And while the "2,200 [people] or so" in Wells talked about in the New York Times story that carried my hometown as a dateline may sound big by remoter standards, I winced remembering when that population barked at the heels of 3,000 people. Sure, the farm crisis threatens, but it's just one more blow in a series of body blows that has seen my town slowly retracting since I was born in 1984.

Which all goes back to Bloomberg's visit.

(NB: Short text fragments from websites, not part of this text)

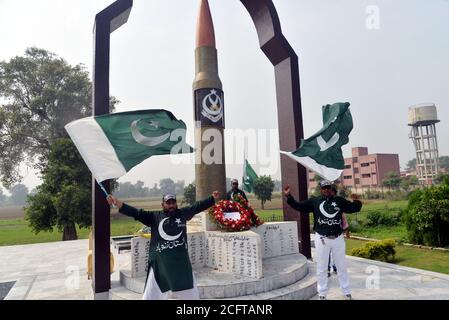 Les Rangers du Pendjab et les soldats en uniforme noir participent à la cérémonie de levée du drapeau à la veille de la Journée de la Défense et des Martyrs à la frontière de Wagah au poste de contrôle conjoint (JCP) à Lahore. Depuis la partition de l'Inde britannique en 1947, le Pakistan et l'Inde sont restés en désaccord sur plusieurs questions. Bien que le conflit du Cachemire soit la question prédominante qui divise les nations, d'autres conflits frontaliers existent également, notamment sur le Rann de Kutch, une région stérile de l'État indien du Gujarat. La question est apparue pour la première fois en 1956 et s'est terminée avec la reprise du contrôle de l'Inde sur la zone contestée. (Photo de Rana Sajid Banque D'Images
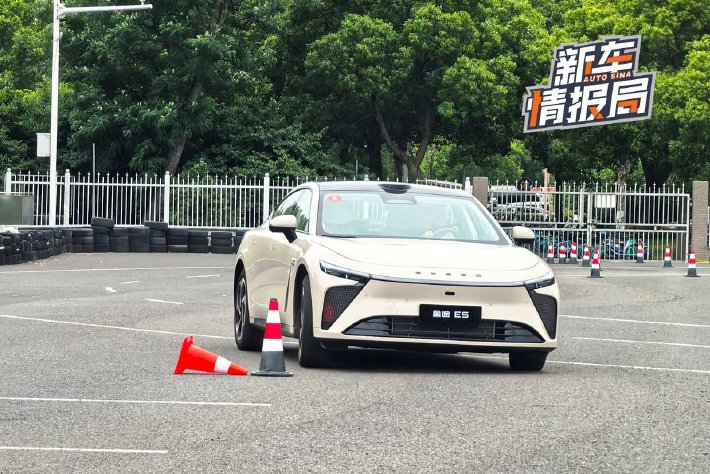 赛级操控家用首选 抢先试驾2027款星途ES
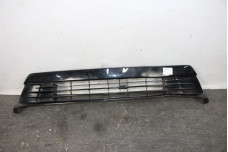 Решітка в бампер нижня дефект 12- Toyota Prius (ZVW35) 2009-2015 5310247080B1 (84276)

Yes, he echoed a billboard in a farmer's field off Interstate 90 calling farming the "backbone" of America. He shook the hand of the farmer's daughter who shared her excitement with the local television reporter. But watching the footage and swelling with pride at seeing my hometown listed — along with Chicago and Akron, Ohio — as one of Bloomberg's "campaign stops," I also felt cheated that he didn't actually reach town, or stop into the school and talk about economic development, or chat with members of the Rifle & Pistol Club, or even pose for an awkward photograph with my neighbor Chuck, who works countless jobs and sells horseradish sauce out of his basement and has an opinion on robocalls and maybe even Ukraine, just ask him.

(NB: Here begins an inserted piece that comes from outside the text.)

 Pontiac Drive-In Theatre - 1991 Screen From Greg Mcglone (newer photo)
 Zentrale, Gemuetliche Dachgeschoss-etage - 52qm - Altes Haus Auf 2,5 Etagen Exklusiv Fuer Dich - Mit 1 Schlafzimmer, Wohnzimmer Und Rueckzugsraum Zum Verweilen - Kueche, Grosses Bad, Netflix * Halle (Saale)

No, we don't want to forget the farmer, who holds these towns up no doubt, but the problems that galvanized rural Americans to vote in the last election are something bigger than just crop prices.

Maybe next time Bloomberg can take some questions from the media, too? The town's newspaper (the Wells Mirror) recently consolidated with the paper in neighboring Kiester (the Courier-Sentinel). But they might still want to hear from a future president? Or even a guy worth $60 billion?

The oddest feeling was that watching the thing felt like time travel. That a man worth $58 billion and my hometown even exist in the same country in the same decade feels mind-boggling. And that's sad. It shouldn't feel estranged when a man seeking the vote of the common man and woman shows up to our town, seeking their votes. It certainly shouldn't feel like a different planet, let alone a country.